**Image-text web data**
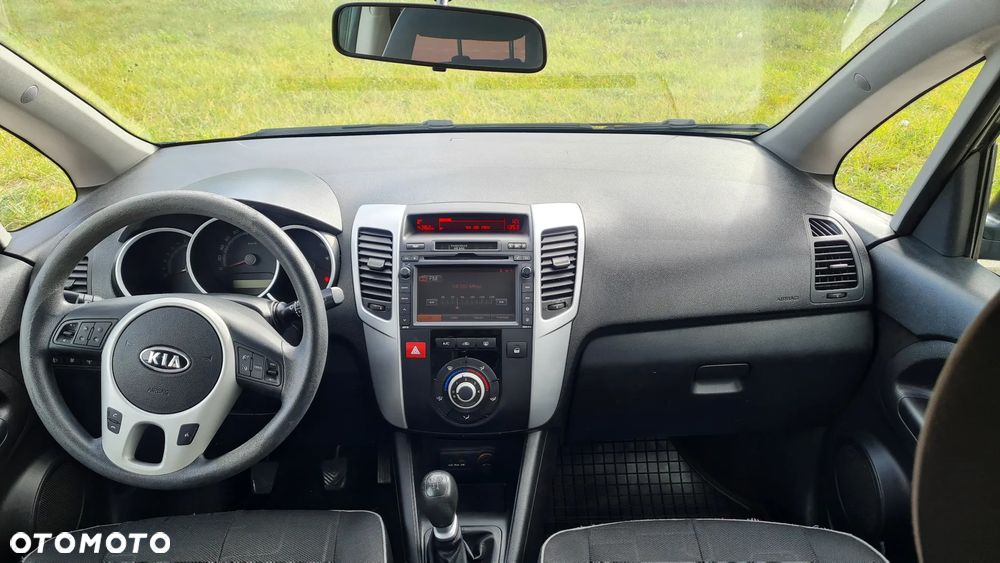 Kia Venga 1.4 CVVT Attract - 20
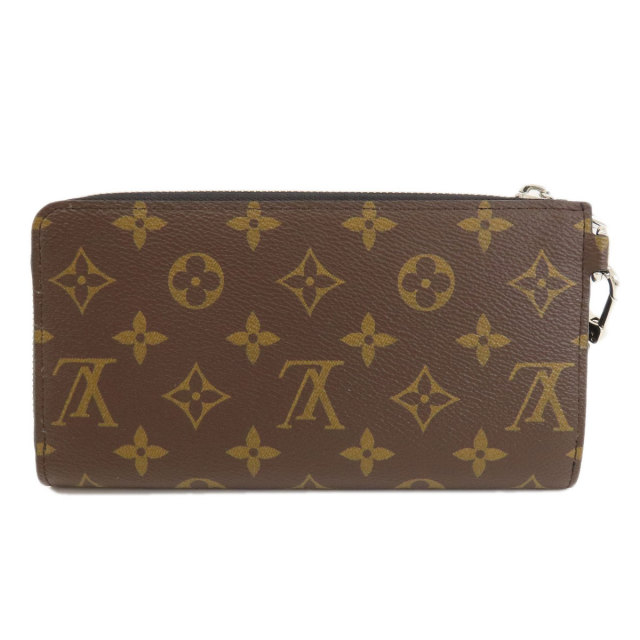 LOUIS VUITTON ルイヴィトン M69407 ジッピー・ドラゴンヌ モノグラム  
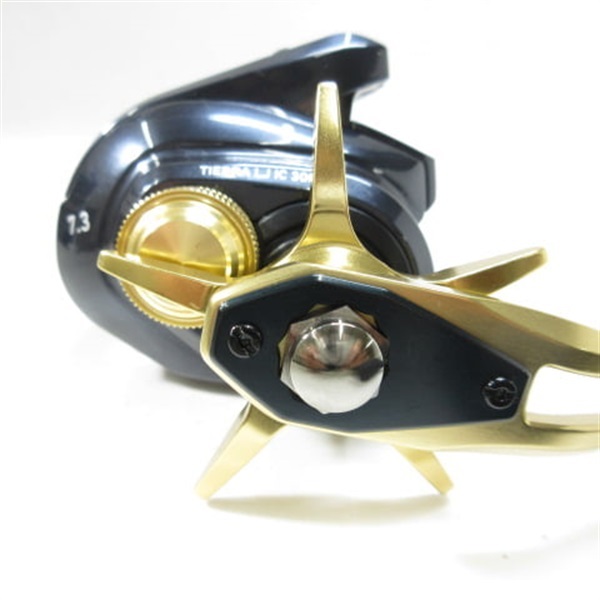 買う専門　ダイワ　ティエラ　LJIC300HL 数回使用美品 ティエラLJIC300HL｜＠ベリーネット 日本最大新品中古釣具WEB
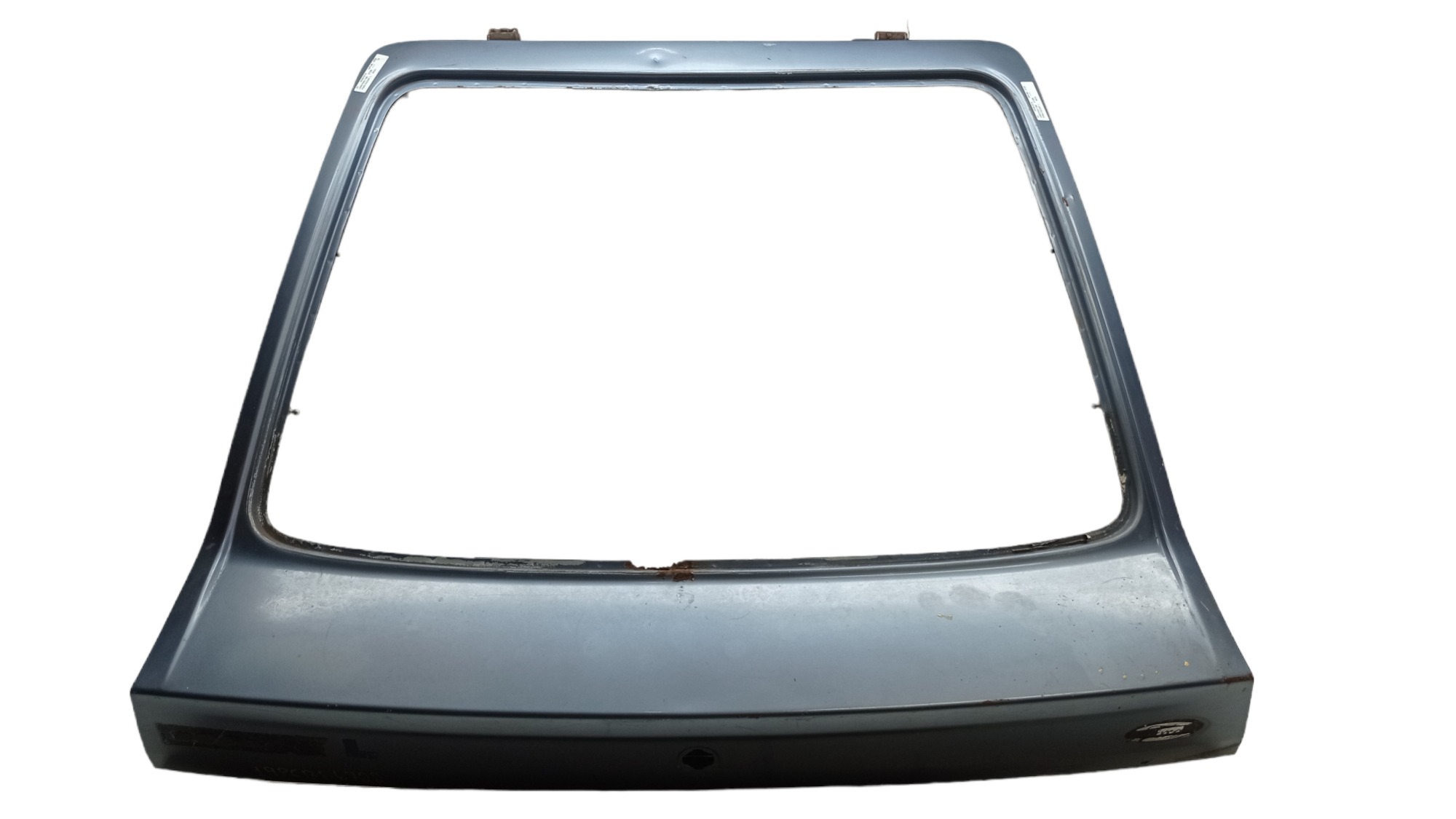 Tampa Traseira Hatch Ford Escort 1987 – 1988 P/ Recuperar 1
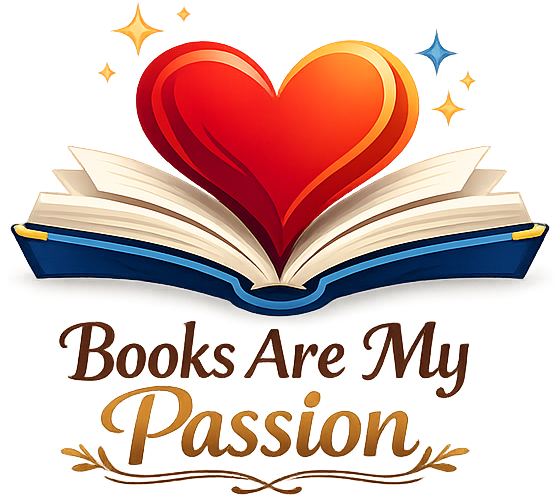 Books Are My Passion logo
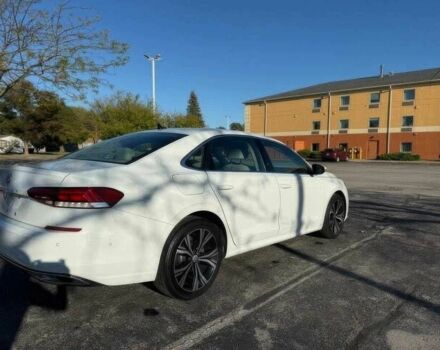 Білий Фольксваген Пассат, об'ємом двигуна 2 л та пробігом 31 тис. км за 4300 $, фото 4 на Automoto.ua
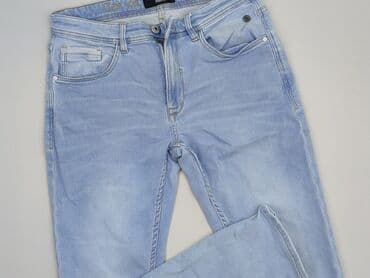 spodnie dilvin: Blend, Jeansy damskie, L — 1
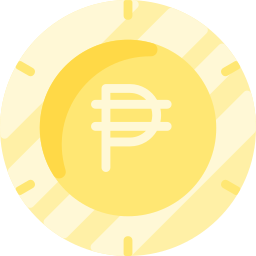 philippinischer peso icon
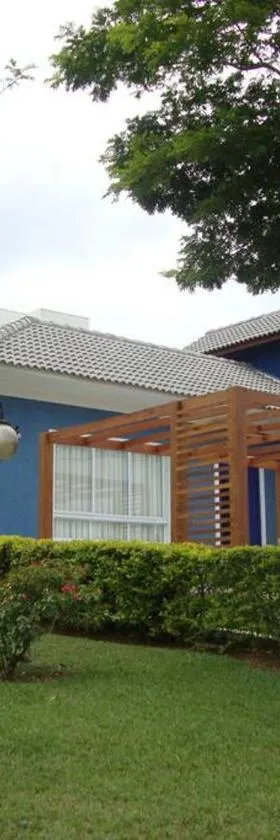 Minha Casinha Azul na Represa，位于帕拉纳帕内马的酒店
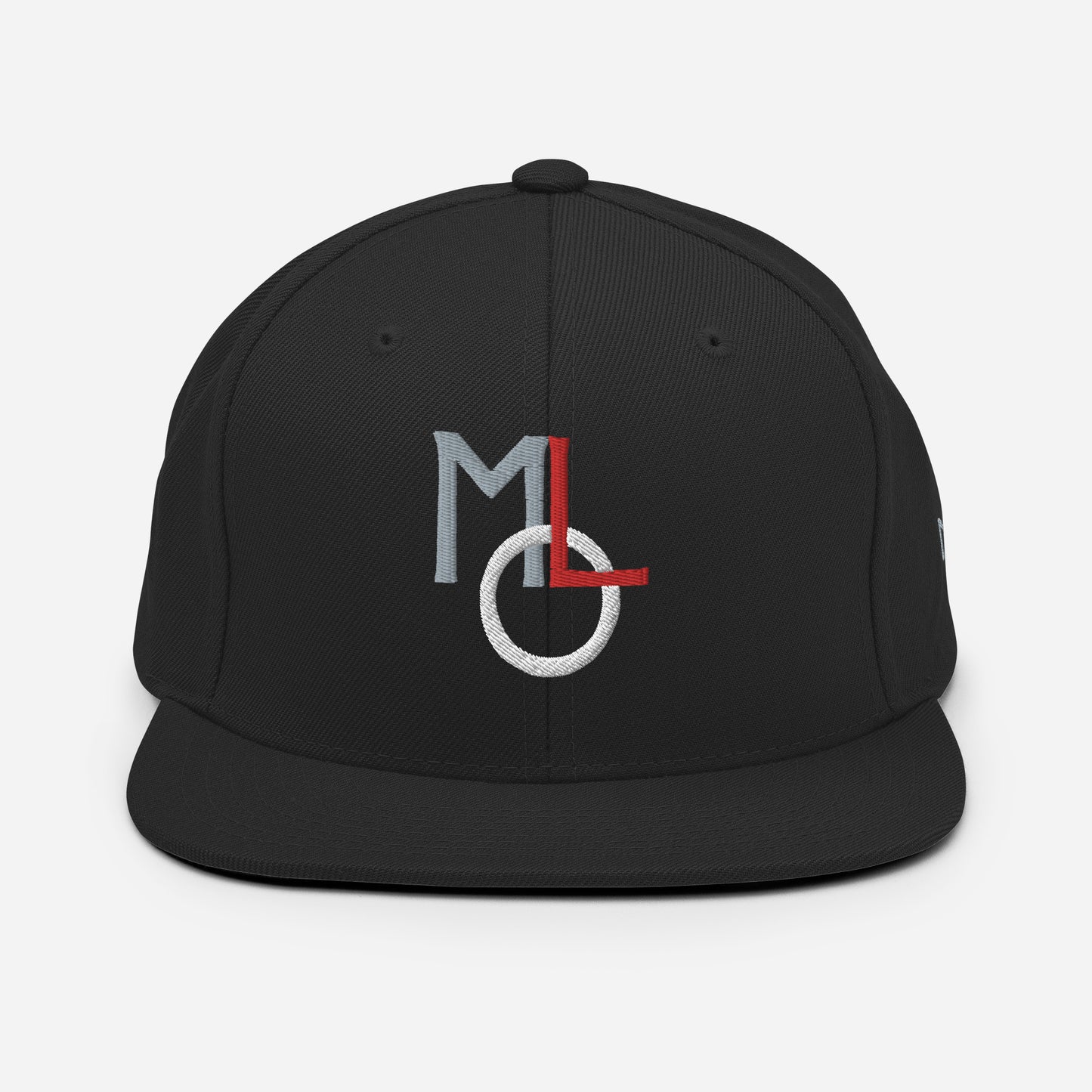 MLO Snapback Hat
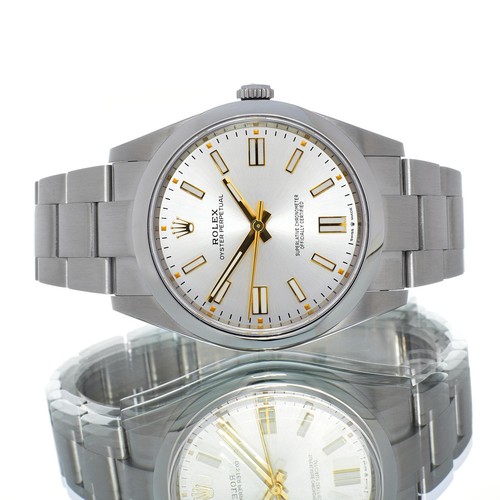 Rolex oyster perpetual - rolex, 41
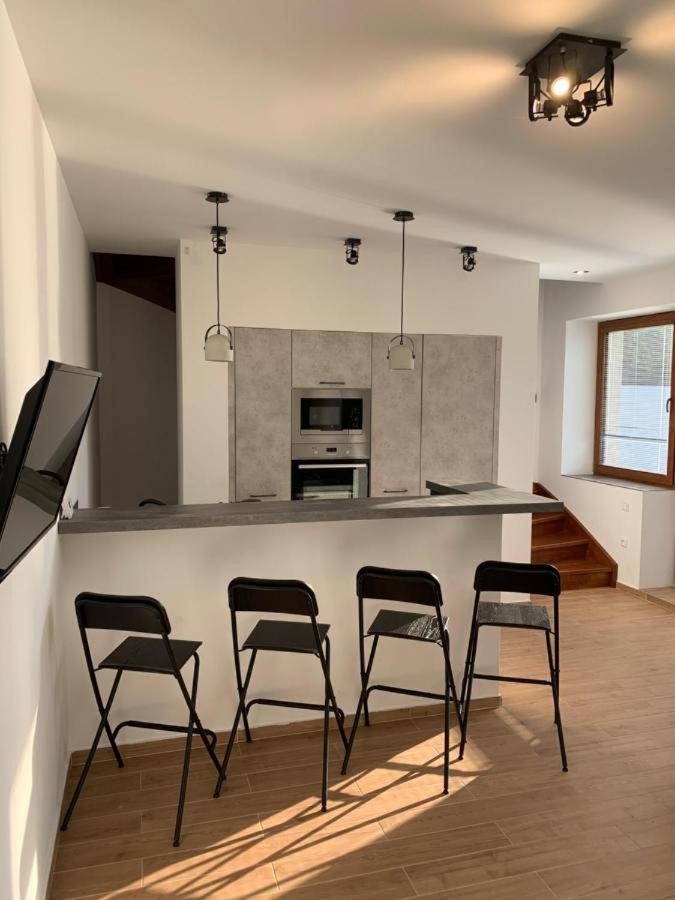 Apartmany Holiday Οστράβα Εξωτερικό φωτογραφία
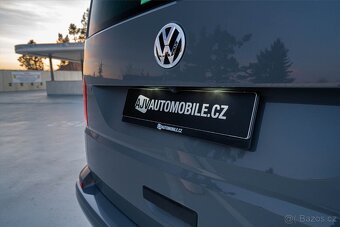 Volkswagen Multivan T6.1 2.0TDI 110kw DSG, DPH - 11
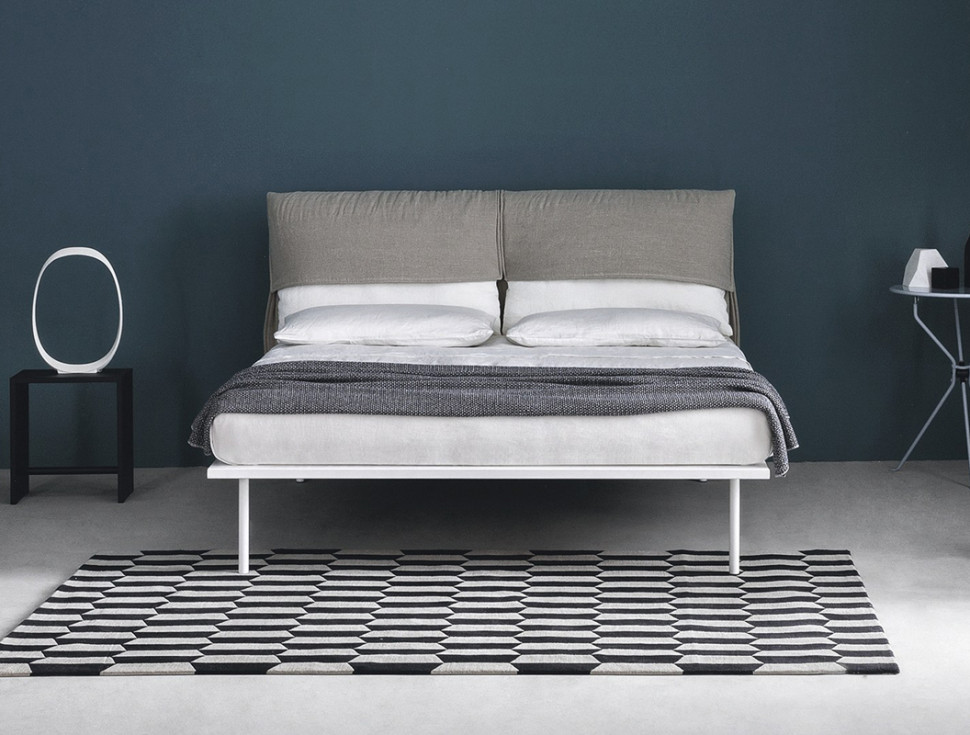 Bed Coverbed Zanotta 1710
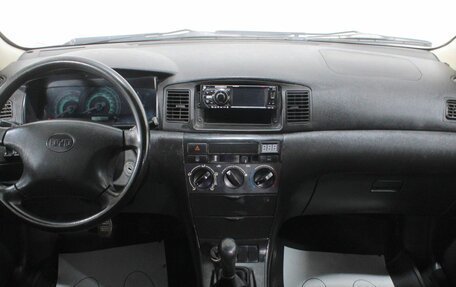 BYD F3 I, 2011 год, 275 000 рублей, 11 фотография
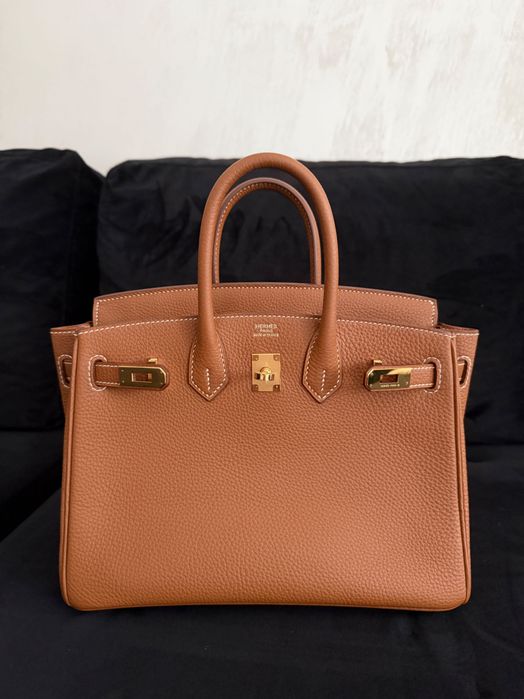 Чанта Hermes Birkin 25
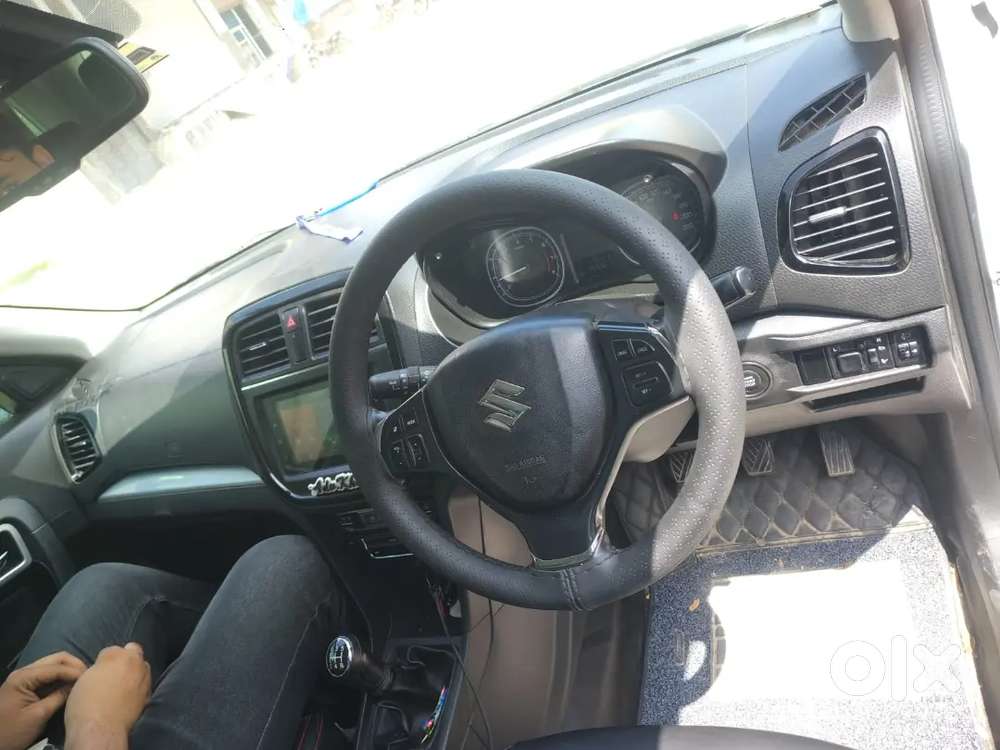 Maruti Suzuki Vitara Brezza 2020 Zxi+ Top Model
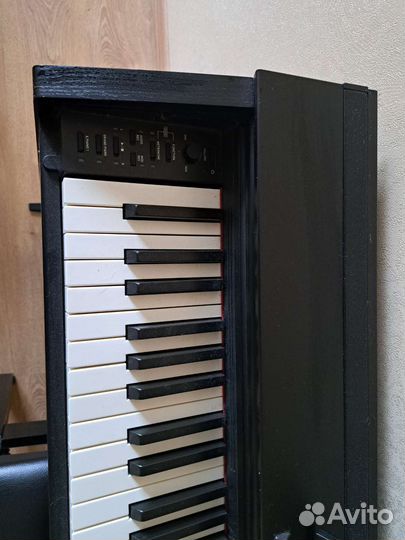 Цифровое пианино casio privia px-870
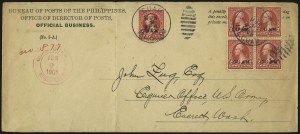 Sale 1050, Lot 851, United States Possessions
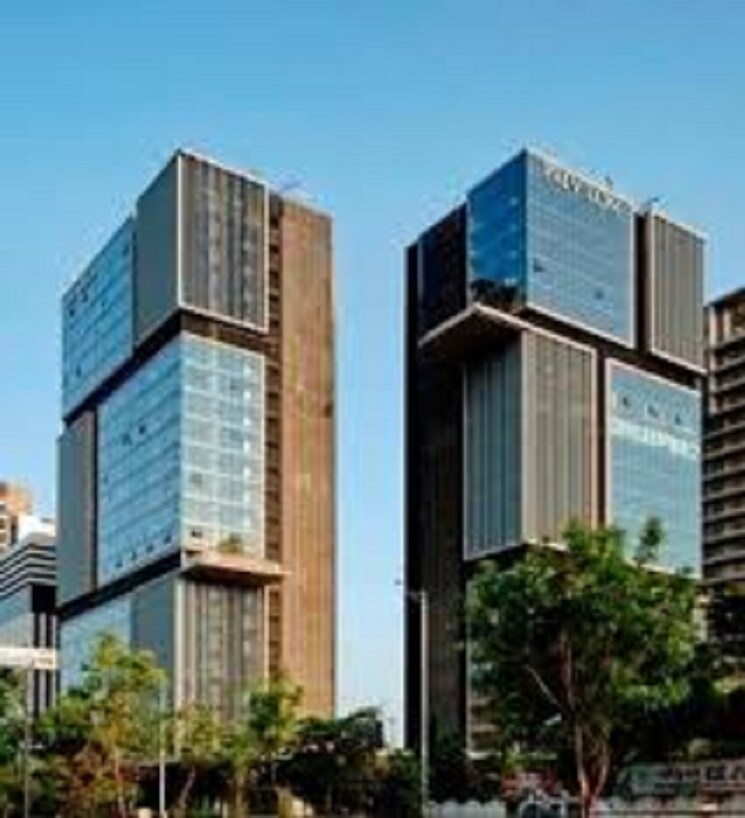 Exterior View, ambli road Commercial Office Space 1170 Sq.Ft. In Ambli Road Ahmedabad 8845053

**Work task**
If an entry contains a picture, leave it out and repeat the rest exactly.

**Answer for the task**
 Kia Venga 1.4 CVVT Attract - 20
 LOUIS VUITTON ルイヴィトン M69407 ジッピー・ドラゴンヌ モノグラム  
 買う専門　ダイワ　ティエラ　LJIC300HL 数回使用美品 ティエラLJIC300HL｜＠ベリーネット 日本最大新品中古釣具WEB
 Tampa Traseira Hatch Ford Escort 1987 – 1988 P/ Recuperar 1
 Books Are My Passion logo
 Білий Фольксваген Пассат, об'ємом двигуна 2 л та пробігом 31 тис. км за 4300 $, фото 4 на Automoto.ua
 spodnie dilvin: Blend, Jeansy damskie, L — 1
 philippinischer peso icon
 Minha Casinha Azul na Represa，位于帕拉纳帕内马的酒店
 MLO Snapback Hat
 Rolex oyster perpetual - rolex, 41
 Apartmany Holiday Οστράβα Εξωτερικό φωτογραφία
 Volkswagen Multivan T6.1 2.0TDI 110kw DSG, DPH - 11
 Bed Coverbed Zanotta 1710
 BYD F3 I, 2011 год, 275 000 рублей, 11 фотография
 Чанта Hermes Birkin 25
 Maruti Suzuki Vitara Brezza 2020 Zxi+ Top Model
 Цифровое пианино casio privia px-870
 Sale 1050, Lot 851, United States Possessions
 Exterior View, ambli road Commercial Office Space 1170 Sq.Ft. In Ambli Road Ahmedabad 8845053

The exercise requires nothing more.